The Kelly bag was created around 1935. But it really only became known around 1956. For 20 years only one or two people were buying it every year. Why did we continue to make it? Because my grandfather thought it was beautiful and was the perfect shape. He didn’t care that it wasn’t a big hit. He was selling it nicely and quietly. Unfortunately he died in 1951, so he never knew that he was absolutely right to keep it. This is what Petit H is about.
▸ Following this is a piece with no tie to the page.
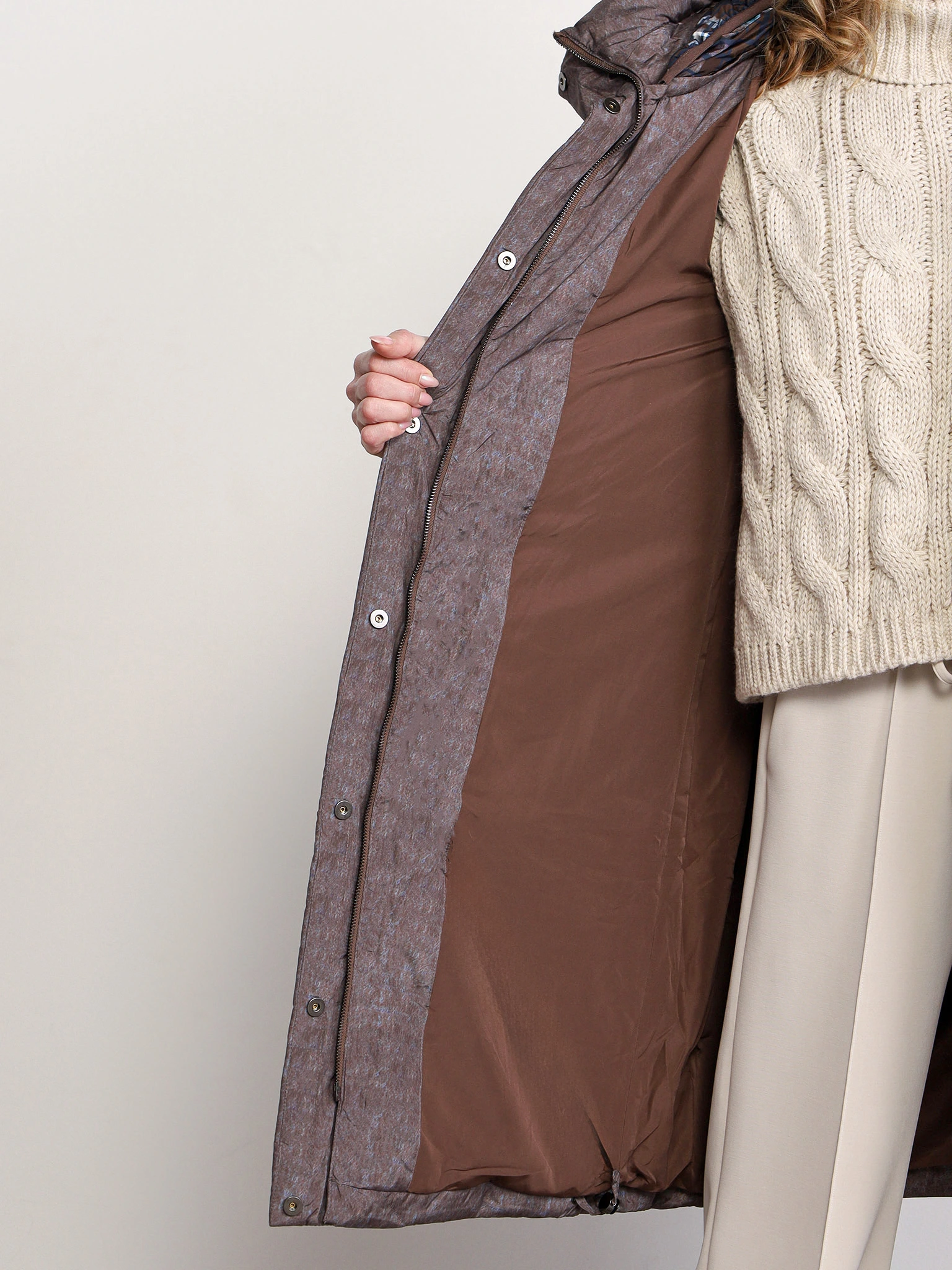 Пуховик коричневого цвета с двойным капюшоном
Do you want to be a separate brand to Hermès?
My point is not to make a second Hermès. I love Hermès so much! Sometimes the next generation of a family business want to leave their business but I couldn’t do that. Rather, I wanted to mix our different métiers. Petit H can’t exist without Hermès. I have everything here: the value, the hands, the perfection, the materials. This is our treasure.
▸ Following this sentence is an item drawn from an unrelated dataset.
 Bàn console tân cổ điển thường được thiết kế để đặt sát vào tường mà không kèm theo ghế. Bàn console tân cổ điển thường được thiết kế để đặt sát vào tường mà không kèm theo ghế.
So is Petit H the future of Hermès?
One day we might exist in a world where we can’t use leather or crystal. Or we won’t have enough water for the tannery of the leather. I am thinking deeply about what I will leave to the children of my children. My point is to innovate.

Are you conscious of being environmentally friendly with this project?
What interests me is not recycling. It’s not about being politically correct. It’s more than that, it’s genetic. I can’t throw anything away. I know how difficult it is to make the most beautiful skin. It takes time and skill. There is no excuse for throwing away part of a beautiful skin.

How have the Hermès artisans reacted to Petit H?
They reacted in stages. When I first showed Petit H to the artisans, they thought it was a lot better than they imagined it would be. They had thought it was going to be about recycling. I was a bit shocked because after 35 years I thought they knew me! They understood that I was admiring their skill. The second stage was when I was visiting sites and there were suddenly boxes with Petit H written on them, filled with materials. And then the next stage was that they sent me sketches and ideas and requested that they become the “hands” of Petit H!

Why take such a risk with this new collection?
I have memories of my uncle Jean-Louis Dumas. I was his niece but I was also someone who worked at Hermès. One day, I was in charge of the window displays. I did a window at the George V store. I was very happy with it, I thought it was very Hermès, I was proud of it. For the first time, I asked him to come to see the window. I think I wanted recognition or a thank you, I’m not sure. He came and there was no reaction. I asked him if he liked it. He said, “Yes, it’s beautiful, it’s more than Hermès, it’s really great. But you don’t bring anything more, you don’t astonish. Who is going to stop at that window? It’s too Hermès”. He said we must always take a risk in our work.